**PROBLEM REQUIREMENTS:** Please transcribe exactly the lines from the first line of the records below through the line containing "Helm 1:5 | Spark", including both, and omit all pictures.

[Image-text web data]
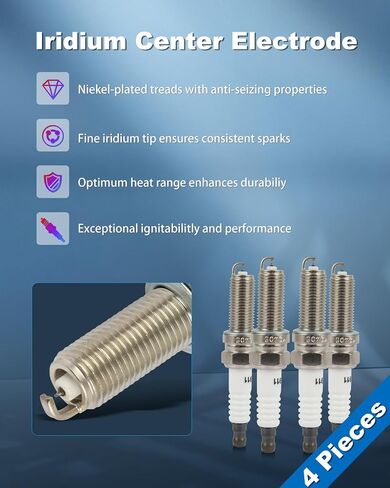 ECCPP Platinum Iridium Spark Plugs 93911 لـ Kia Soul 2010-2011 و Mercedes-Benz C250 2012-2014 ، SLK250 2012-2015،1.6L 1.8L Pack of 4 in Saudi Arabia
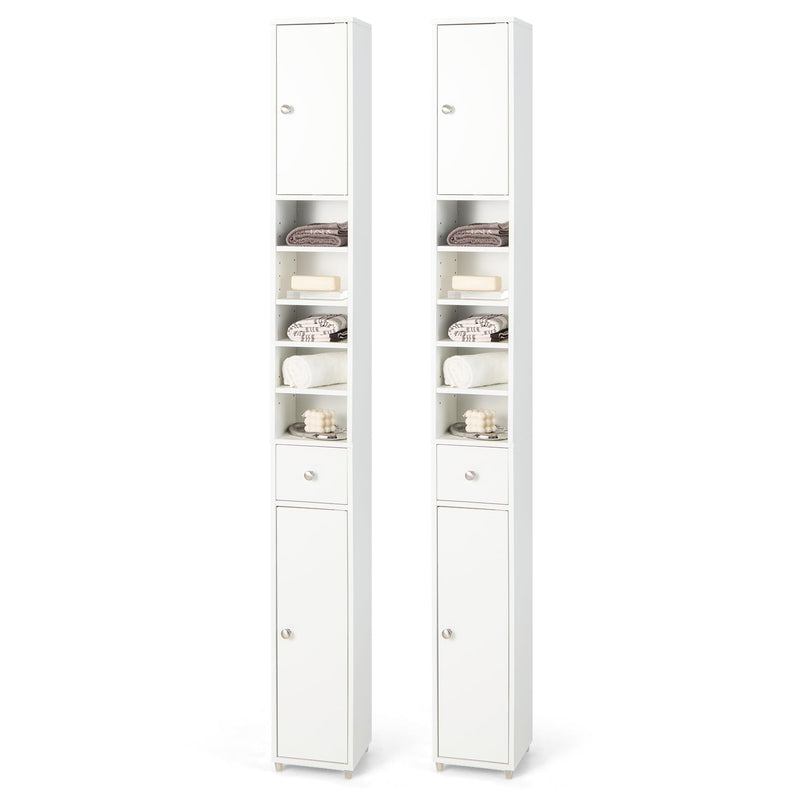 Giantex Slim Bathroom Storage Cabinet - 71" Tall Narrow Floor Cabinet Cupboard with 2 Doors, 5 Adjustable Shelves, 1 Drawer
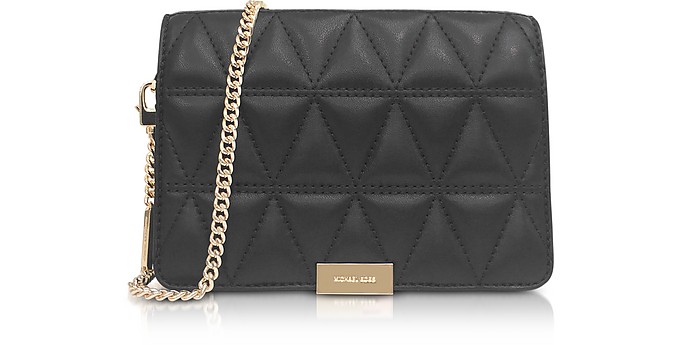 Jade Black Quilted-Leather Clutch - Michael Kors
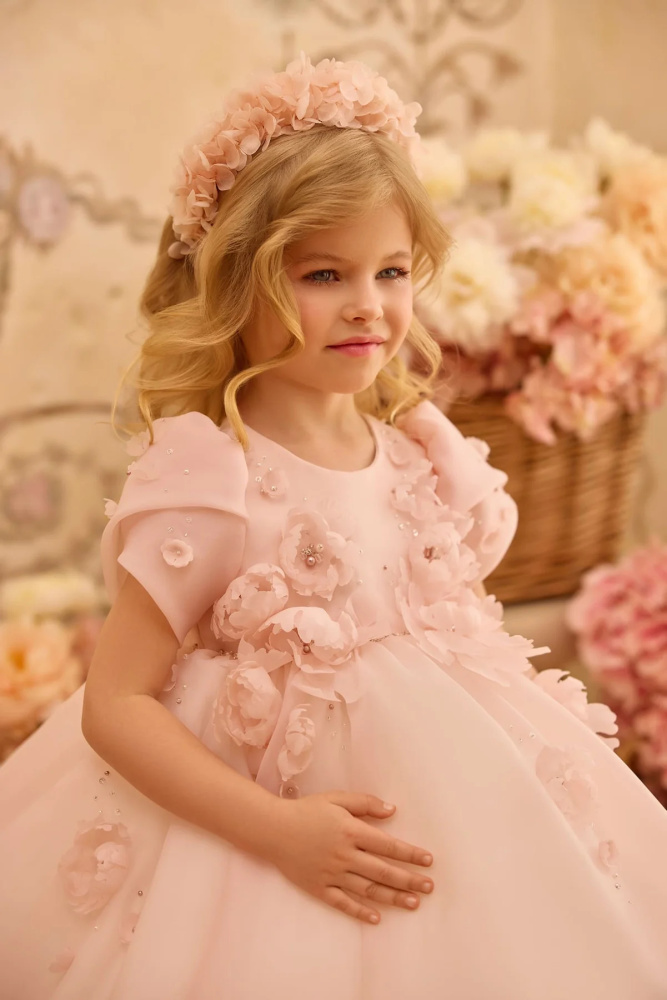 Blush Pink Cute Organza Flower girl Dress/Girls Party Dresses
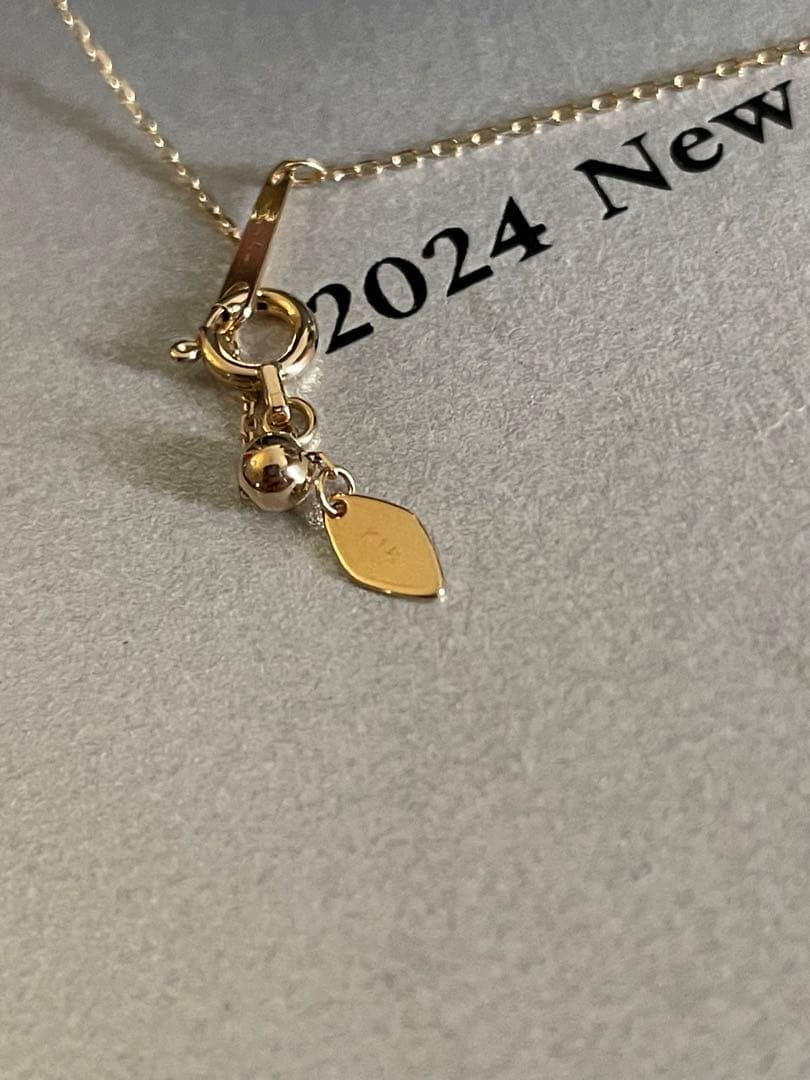 Agete K18 gold necklace with 0.2 carat diamond pendant on a 40 cm chain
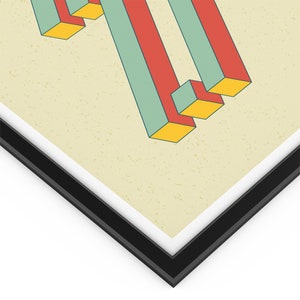 May include: Abstract geometric art print featuring overlapping rectangles in shades of red, green, and yellow. The print has a vintage aesthetic and is framed in black.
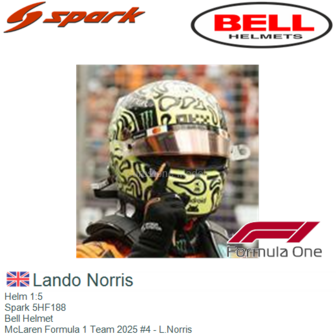 Helm 1:5 | Spark 5HF188 | Bell Helmet | McLaren Formula 1 Team 2025 #4 - L.Norris
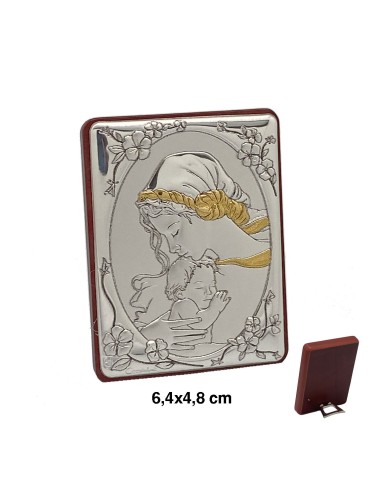 Icono Aluminio 6. 4x4. 8cm Virgen Con Nizzzzzo En Brazos Bicolor Marco Con Flores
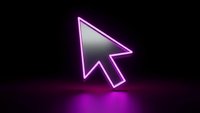 Glowing neon purple cursor arrow pointer with bright outline on dark background for digital interface design and technology concepts.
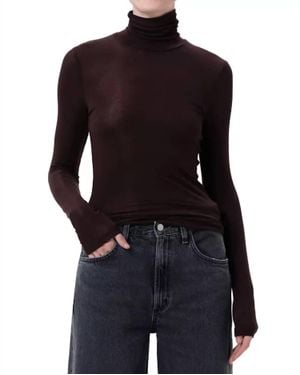 Agolde Pascale Turtleneck Top - Black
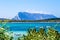 Lu impustu beach in Sardinia, with Tavolara island in the background, Italy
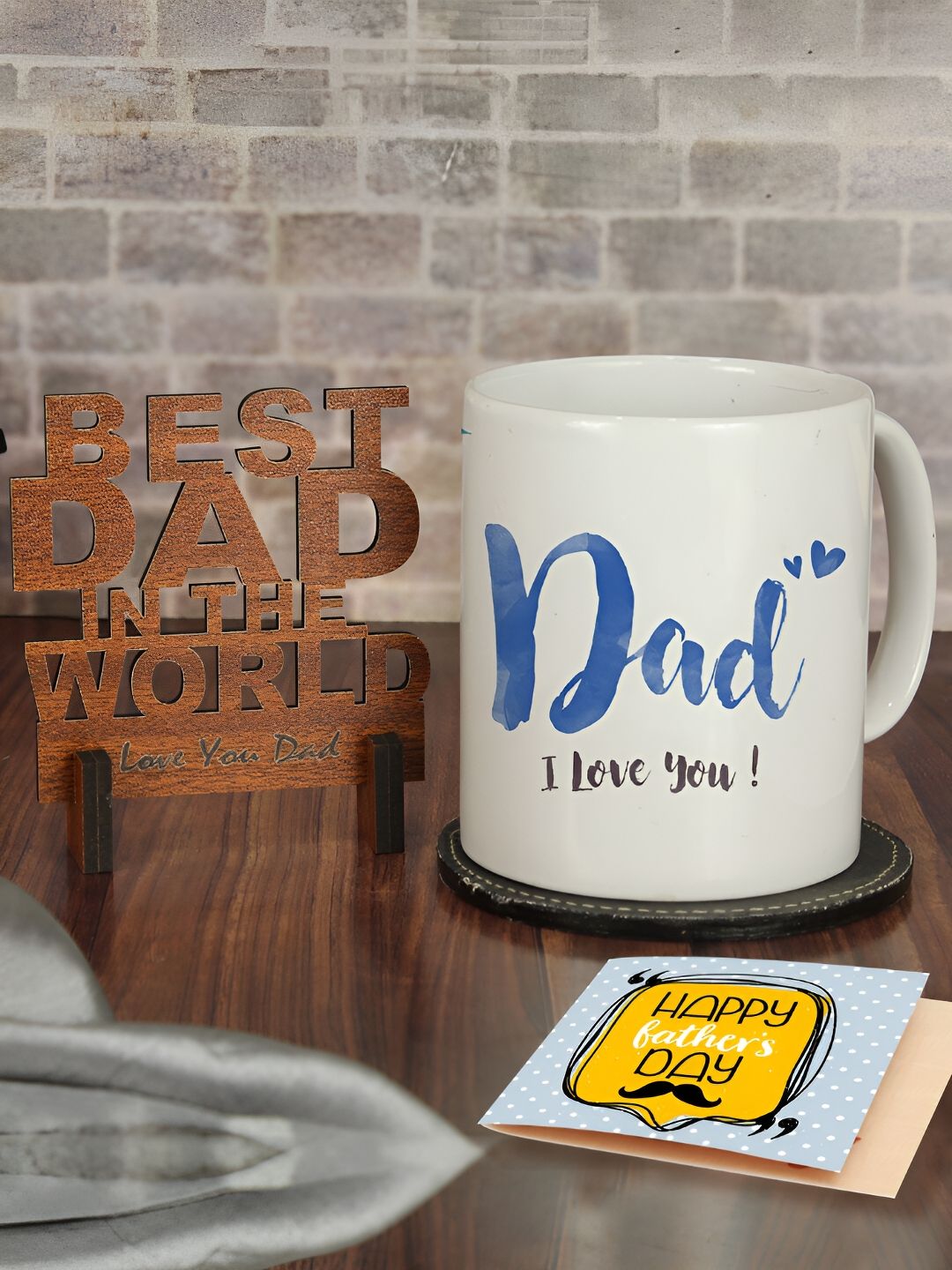 TIED RIBBONS White & Blue 3 Pieces Printed Fathers Day Gift Set-image-49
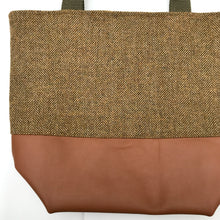 Load image into Gallery viewer, Handbag. Bag. English wool herringbone and camel brown leather handbag.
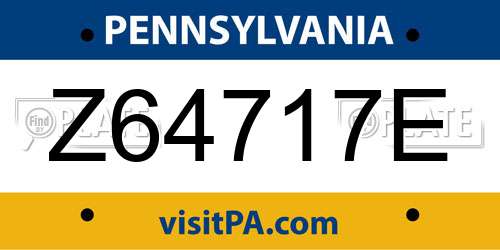 Z64717E Pennsylvania License Plate
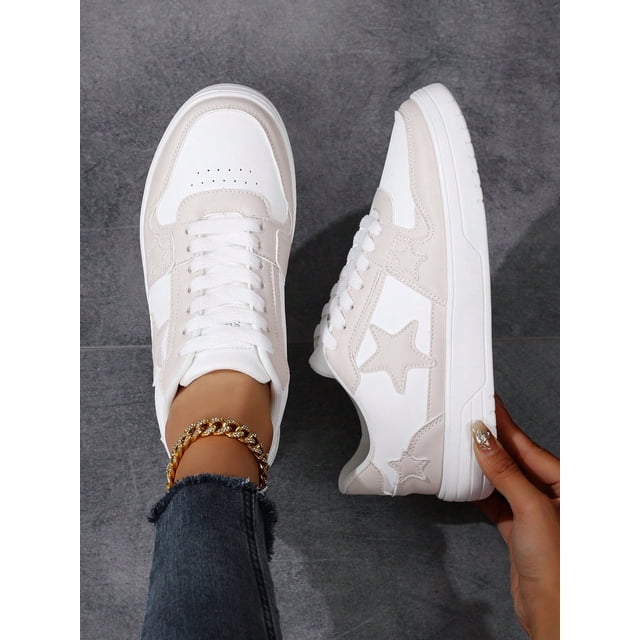 Sneakers Women's Sports Shoes Brown Casual Shoes Flat Skateboarding Shoes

**WRITTEN ANSWER:**
 ECCPP Platinum Iridium Spark Plugs 93911 لـ Kia Soul 2010-2011 و Mercedes-Benz C250 2012-2014 ، SLK250 2012-2015،1.6L 1.8L Pack of 4 in Saudi Arabia
 Giantex Slim Bathroom Storage Cabinet - 71" Tall Narrow Floor Cabinet Cupboard with 2 Doors, 5 Adjustable Shelves, 1 Drawer
 Jade Black Quilted-Leather Clutch - Michael Kors
 Blush Pink Cute Organza Flower girl Dress/Girls Party Dresses
 Agete K18 gold necklace with 0.2 carat diamond pendant on a 40 cm chain
 May include: Abstract geometric art print featuring overlapping rectangles in shades of red, green, and yellow. The print has a vintage aesthetic and is framed in black.
 Helm 1:5 | Spark 5HF188 | Bell Helmet | McLaren Formula 1 Team 2025 #4 - L.Norris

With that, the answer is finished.